L.I. Remains Search Yields No New Evidence

State police concluded their search Tuesday of a remote stretch of beach along a desolate Long Island highway without finding any new evidence in connection with a possible serial killer case, officials said.     
Investigators said they would examine 11 specific sites along a two-mile stretch on both the east and west sides of the Robert Moses Causeway.

By 11:45 a.m., state police concluded the search with no new information to report. 

The 11 sites were pinpointed in images captured by high-tech FBI aerial cameras earlier this year, state police trooper Frank Bandiero told NBC New York.

Two search teams, aided by two police dogs, spearheaded the renewed hunt for human remains, a state police spokesman told NBC New York. In all, about 30 state troopers assisted in the search.

An official from the city's medical examiner's officer was also on hand.

The highway searched Tuesday is just north of Ocean Parkway, where 10 sets of human remains have been discovered since December.     

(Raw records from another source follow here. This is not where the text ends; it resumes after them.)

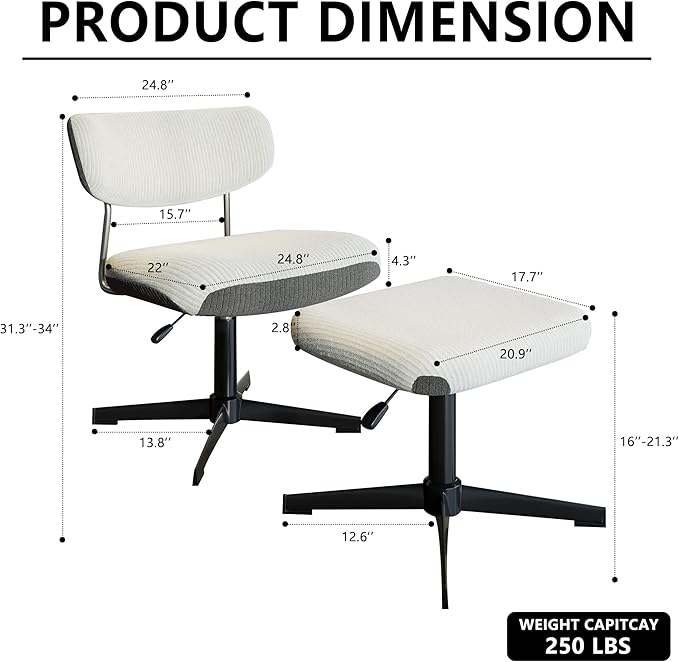 Swivel Criss Cross Chair, Accent Chair with Ottoman Set, Modern Armless Comfy Chair with Ergonomic Backrest, Corduroy Upholstered Seat, No Wheels, White & Grey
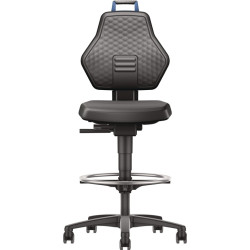 Arbeitsdrehstuhl Rl. Fußring Kunstleder schwarz Grifffarbe blau 580 860mm TW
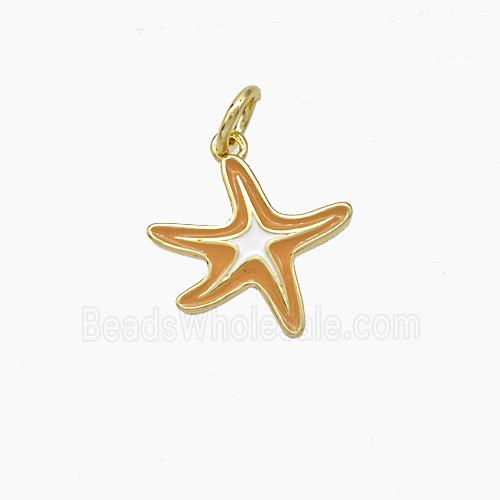 Copper Starfish Pendant Enamel Gold Plated
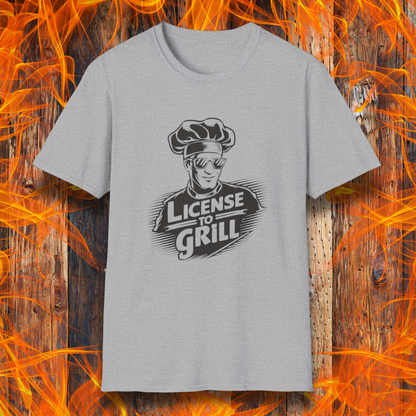 Sport Grey  t-shirt featuring a bold white graphic of a cool chef wearing sunglasses and a toque, with the phrase 'License to Grill' in a dynamic retro-style font.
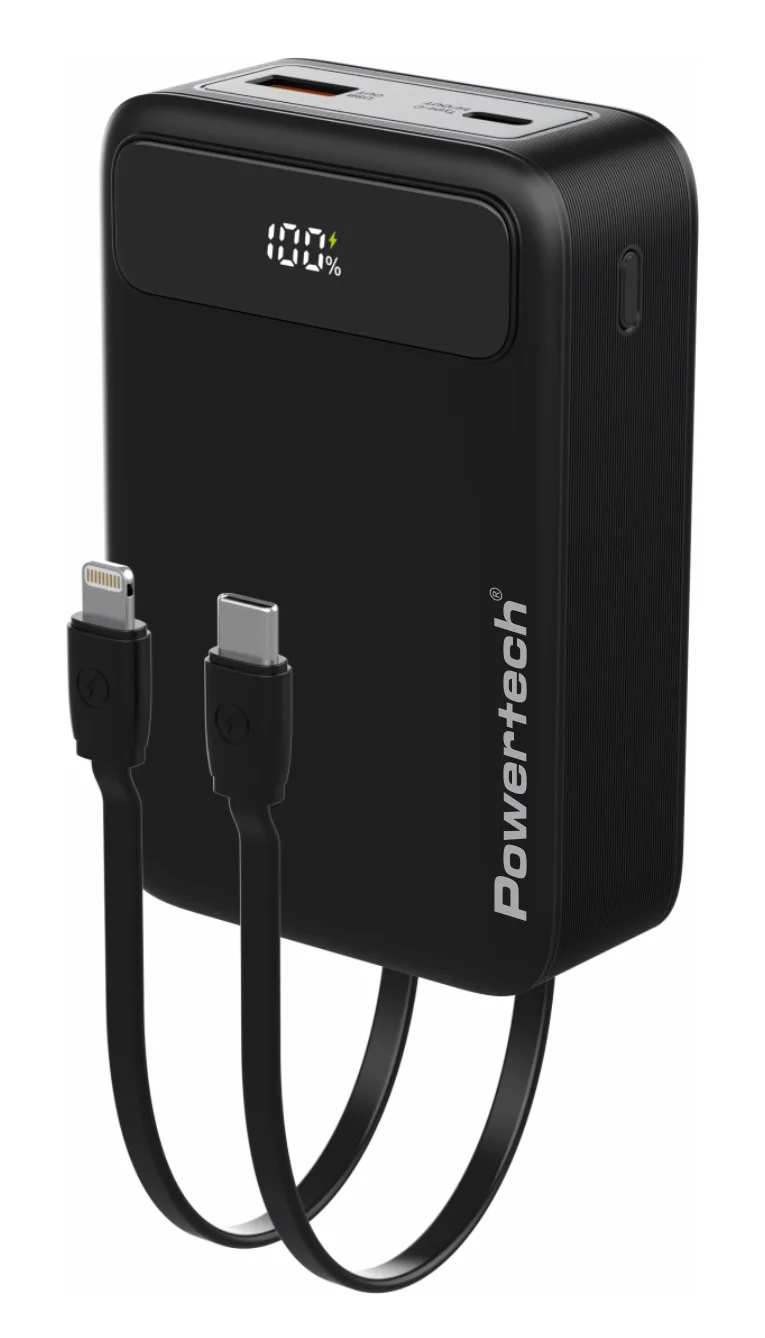 Φωτογραφία προϊόντος: POWERTECH power bank PT-1504 με καλώδια & οθόνη, 20000mah, 22.5W, μαύρο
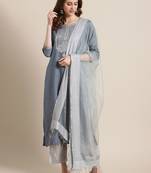 Women Blue & Silver Sequinned Yoke Design Kurta with Trousers & Dupatta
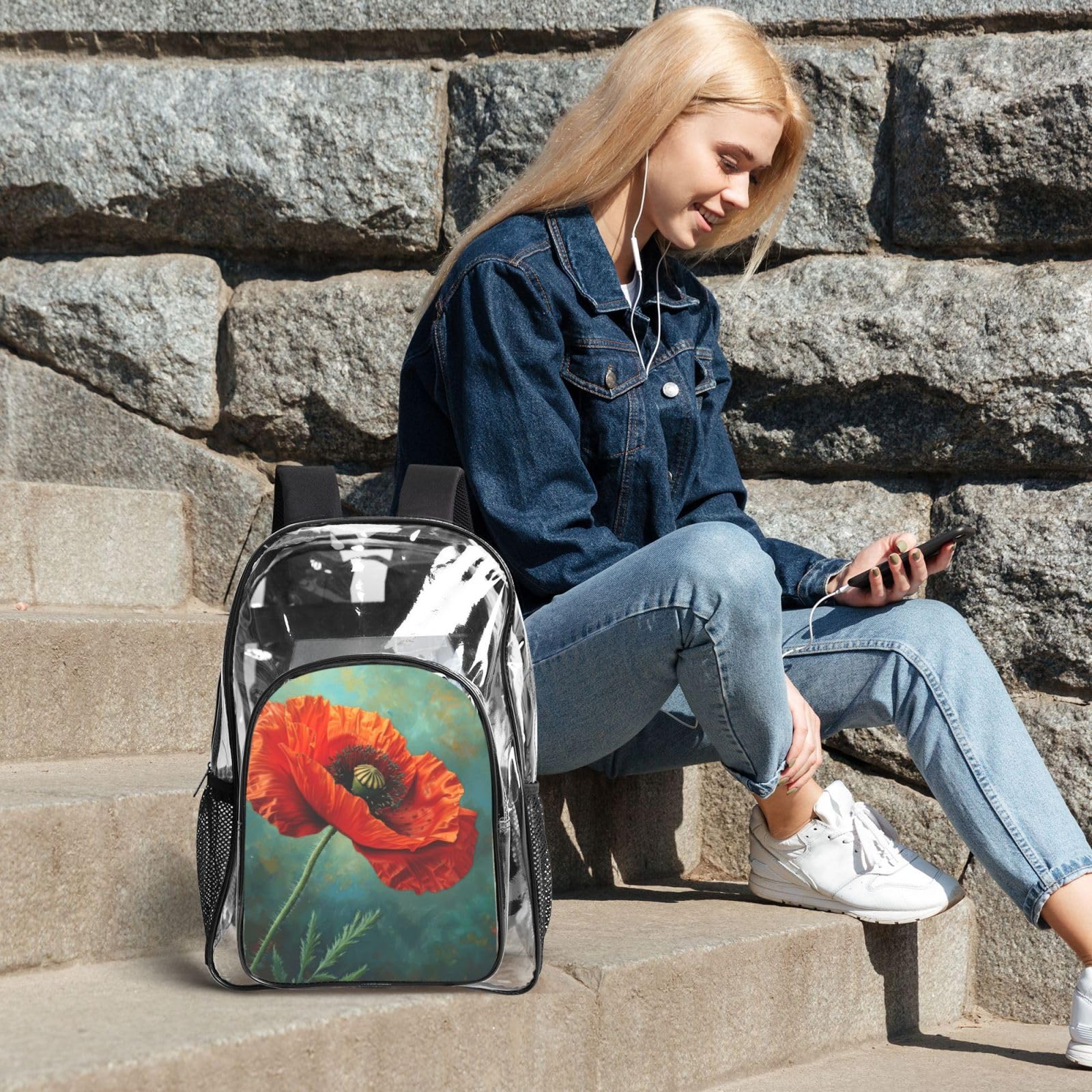 Poppy Flower Print 3-częściowy przezroczysty plecak zestaw do podróży na świeżym powietrzu przygody wakacje przezroczysta torba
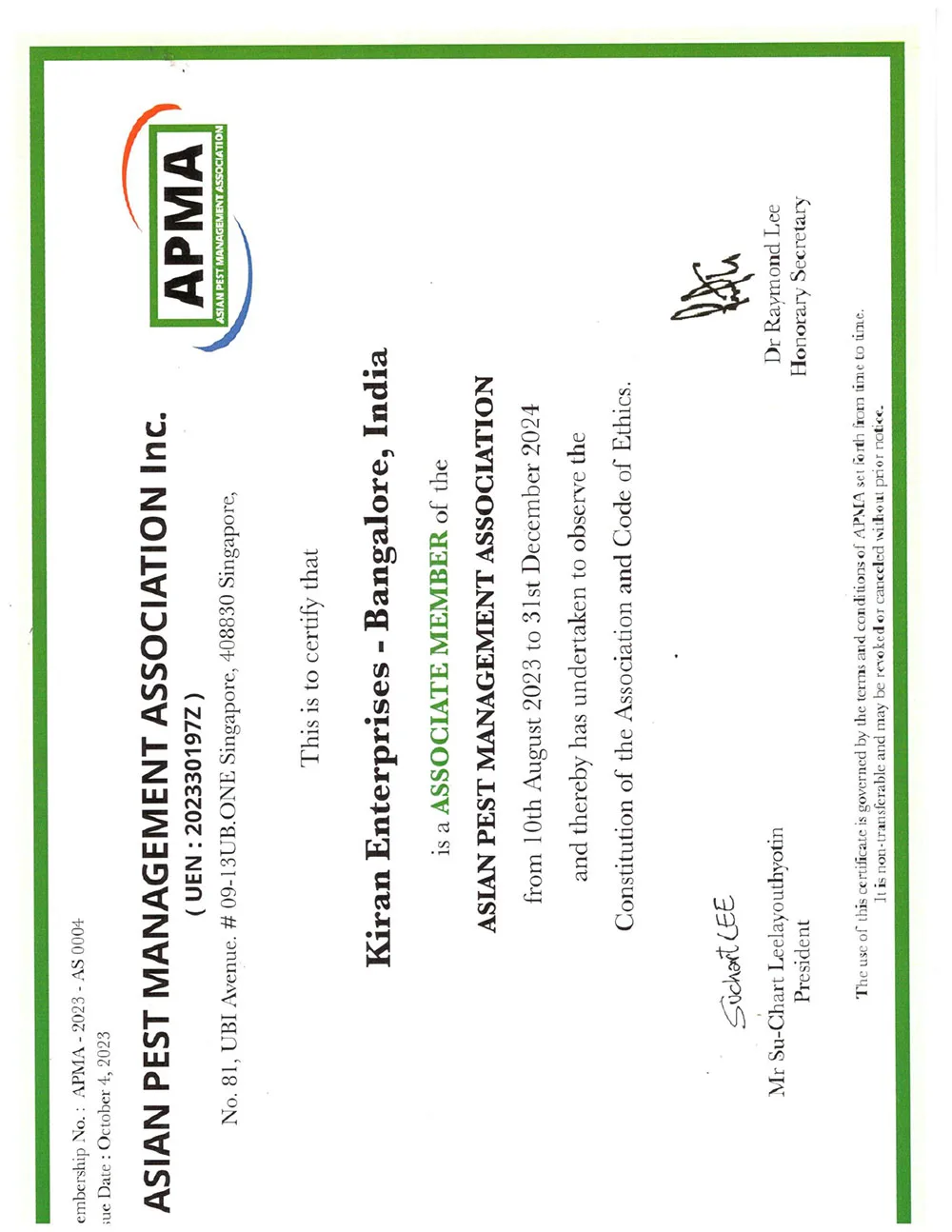 Associate Member of the Asian Pest Management Association Inc.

Authorities have identified five of the bodies. Four of the victims, all young women who worked as prostitutes and advertised their services on Craigslist, are believed to have been slain by a serial killer.

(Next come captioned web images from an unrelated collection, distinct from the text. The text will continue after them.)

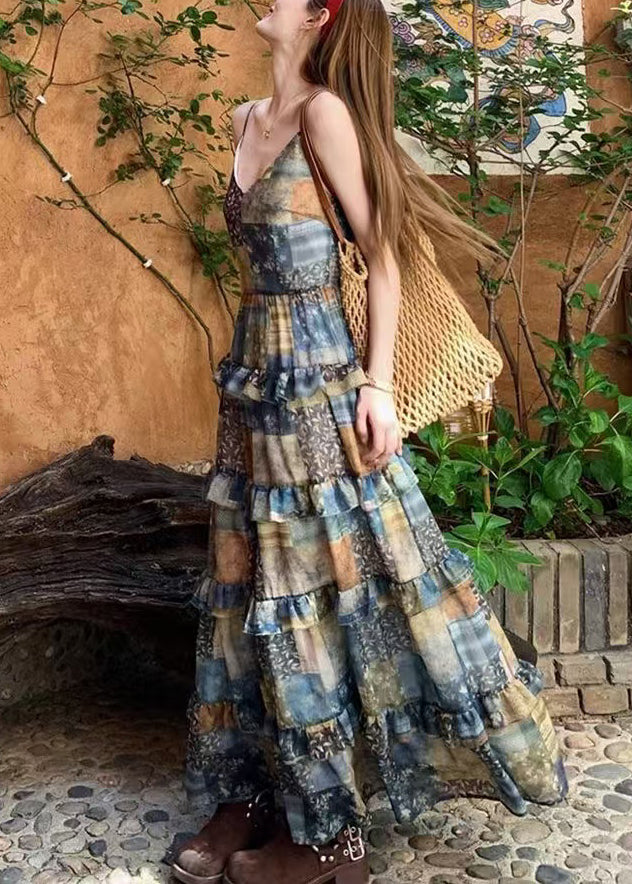 Bohemian Plaid Print Ruffled Patchwork Cotton Spaghetti Strap Dress Sleeveless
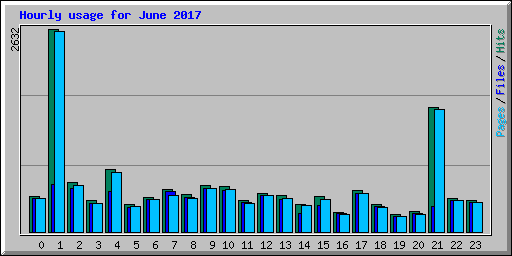 Hourly usage for June 2017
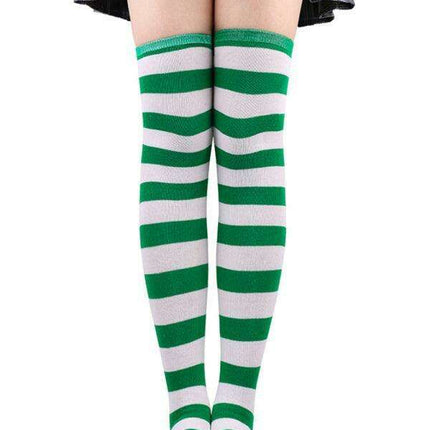 Festive Floral and Striped Woman's Holiday Stockings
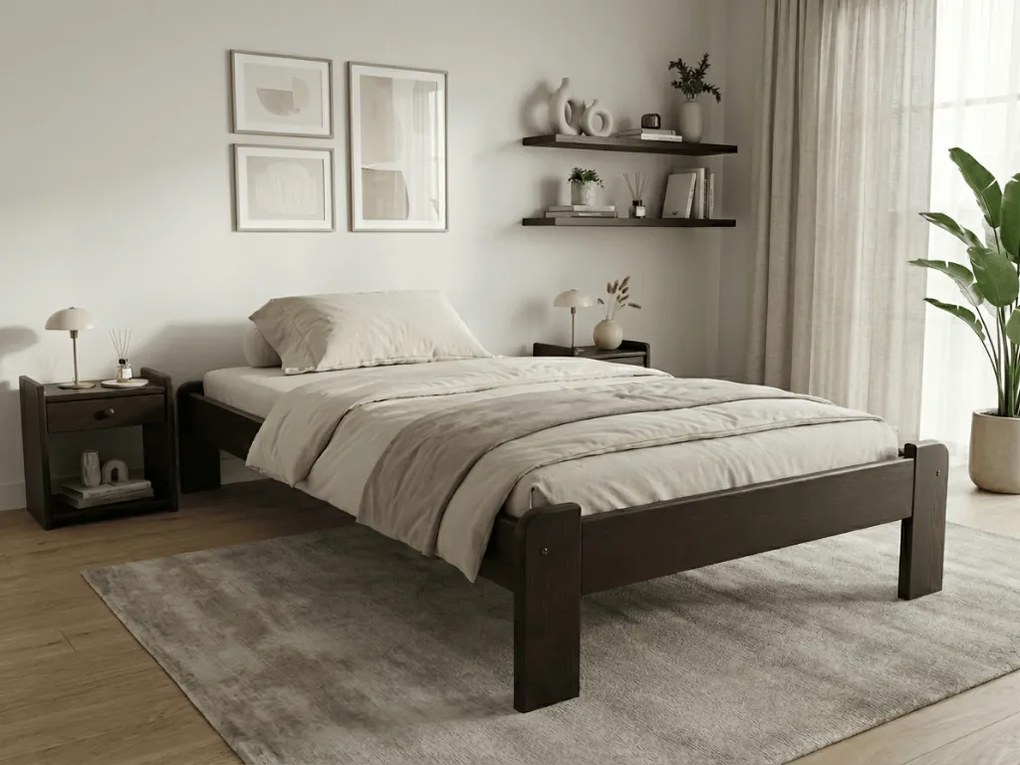 Pat de o persoana ADA 90x200 cm, nuc Saltele: Cu saltele Coco Maxi 20 cm, Somiera pat: Fara somiera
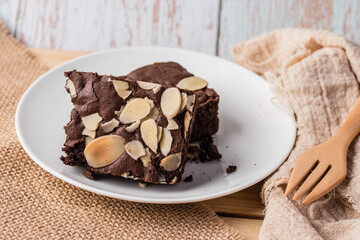 Close up of baked chocolate brownies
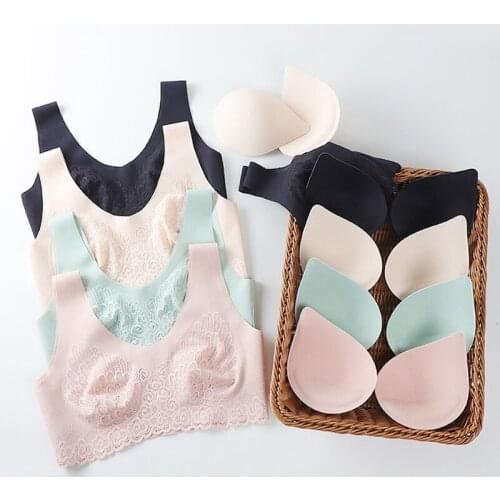 Women Active Bras Thin Seamless Gather Lace Sports Vest-style Beauty Back Bra Womens Intimates Underwear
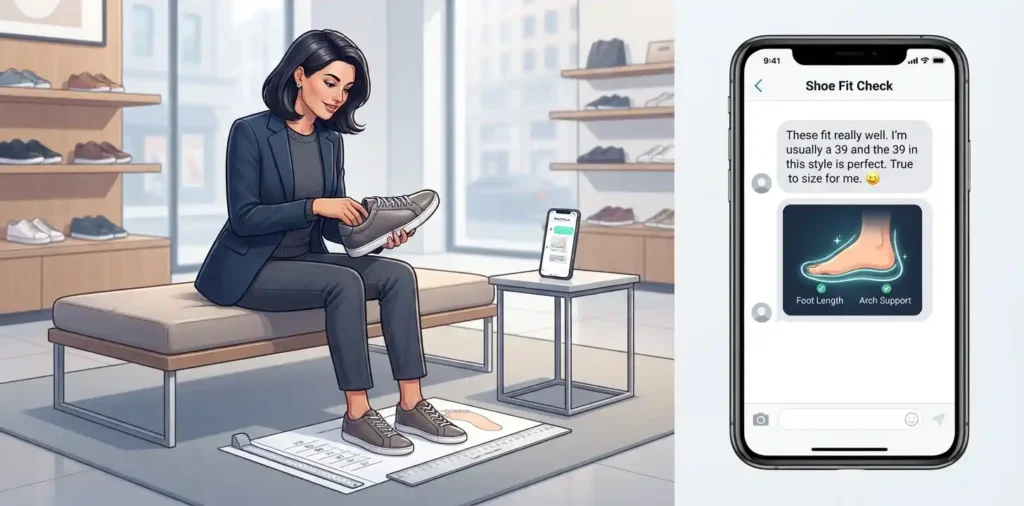 Shopper checking whether shoes are true to size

The bodies were found wrapped in burlap sacks within a mile of each other along the desolate stretch of highway.

Each of the four connected victims were strangled, officials have said.

Authorities discovered the first four bodies as they searched for Shannan Gilbert, a 24-year-old sex worker from Jersey City who vanished after a rendezvous with a client on Oak Beach. She was last seen May 1, 2010. Officials have yet to find her.

Authorities suspect other killers may have also left victims along the remote parkway, going back at least a decade.

The fifth body has also been identified as a prostitute, but police do not believe it is connected to the first four.